The project has no financing. The developer doesn’t own the site. This will not be built any time soon in this market.

And the city has completely ignored how it could lead to displacement in the community.

But there’s more than that: While the Yimbys rail about how the city has blocked affordable housing, this project would provide zero housing that’s affordable to the people who live in the area.

Here’s what John Elberling, the executive director of TODCO, submitted to the Planning Commission. It explains the exact problem:

First we note for the record the updated project EIR now includes full analysis of the project site’s geotechnical/seismic issues that the original EIR completely omitted. Now, please bear foremost in mind that this longtime Sixth Street Neighborhood with its dozen or more SRO residential hotels is Soma’s last remaining supply of relatively low-rent market housing.

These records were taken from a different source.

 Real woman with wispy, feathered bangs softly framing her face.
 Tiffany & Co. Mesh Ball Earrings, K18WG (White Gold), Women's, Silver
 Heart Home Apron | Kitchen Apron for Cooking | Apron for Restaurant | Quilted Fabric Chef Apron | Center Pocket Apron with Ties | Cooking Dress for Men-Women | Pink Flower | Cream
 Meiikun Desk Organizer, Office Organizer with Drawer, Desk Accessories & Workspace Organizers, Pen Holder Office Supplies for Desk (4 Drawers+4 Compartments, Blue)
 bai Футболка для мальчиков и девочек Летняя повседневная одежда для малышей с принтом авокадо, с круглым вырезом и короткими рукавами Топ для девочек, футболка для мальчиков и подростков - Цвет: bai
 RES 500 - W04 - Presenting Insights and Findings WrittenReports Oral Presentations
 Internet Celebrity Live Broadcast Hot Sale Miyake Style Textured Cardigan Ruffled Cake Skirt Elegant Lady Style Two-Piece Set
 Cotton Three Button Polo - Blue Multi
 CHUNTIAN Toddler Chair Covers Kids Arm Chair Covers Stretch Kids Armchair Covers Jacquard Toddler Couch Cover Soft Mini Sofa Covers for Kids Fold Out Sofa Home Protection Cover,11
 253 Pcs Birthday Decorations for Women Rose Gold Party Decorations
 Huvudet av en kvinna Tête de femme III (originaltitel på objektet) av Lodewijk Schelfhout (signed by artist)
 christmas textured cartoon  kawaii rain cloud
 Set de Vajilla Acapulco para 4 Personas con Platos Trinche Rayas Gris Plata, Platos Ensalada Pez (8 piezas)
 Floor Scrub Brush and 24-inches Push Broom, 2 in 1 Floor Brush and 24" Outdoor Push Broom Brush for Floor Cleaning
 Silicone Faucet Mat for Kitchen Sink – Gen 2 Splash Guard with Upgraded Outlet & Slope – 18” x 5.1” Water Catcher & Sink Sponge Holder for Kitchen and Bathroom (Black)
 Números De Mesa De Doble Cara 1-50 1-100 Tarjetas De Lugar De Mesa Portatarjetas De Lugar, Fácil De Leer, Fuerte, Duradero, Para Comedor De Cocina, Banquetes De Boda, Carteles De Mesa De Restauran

This will do nothing for the neighborhood.

The several thousand tenants of these old buildings are single/two person low-income households. Those who are employed “essential workers” generally earn near-minimum wage, which is now $17/hr, about $2,900 a month, equal to 35+% of San Francisco average median income. Those who are not working often have only federal Supplemental Security Income (SSI) of $1,040/month for a single person.

But when you compare how much these Sixth Street residents of today can afford to pay to live in any new project like the proposed 469 Stevenson to the rents that new development will charge – even for the 20 percent of its units (almost 100) required to be affordable Inclusionary Housing by the City, it is clear that none of them could ever afford to live there. This chart shows the full details:

SIXTH STREET SRO TENANTS AFFORDABLE RENT LEVELS

SSI Income now for single person is $1,040 per month = affordable rent of $312/month for Studio unit @ 30% of income

SSI Income now for couple is $1,765 per month = affordable rent of $530/month for One Bedroom unit @ 30% of income

SF Minimum Wage ($17/hr) income now is about $35,000 per year (35+%AMI) $2900 per month = affordable rent of $900/month @ 30% of income

This is why more than three years ago TODCO first asked the 469 Stevenson developer, Build Inc. to dedicate one third of the Nordstrom Parking Lot site closest to Sixth Street to the city for about 150 units of affordable housing development. The value of that land would apply toward the city’s housing fee for a 350-unit market project on the other two thirds of the lot, so would not cost Build anything more.

While the market housing part would be much the same as Build now proposes, the affordable housing part instead would have been new SRO-type housing like the nearby Plaza Apartments affordable development – good new housing Sixth Street’s current SRO residents could actually afford to continue to live in their own neighborhood.

We hear the catchy slogan “Housing For All” proffered by supporters of the Build project. But the facts above show plainly that is a false promise. With regard to 469 Stevenson it would simply not be true. The People of the Sixth Street neighborhood  today where it will be built could never afford to live in it.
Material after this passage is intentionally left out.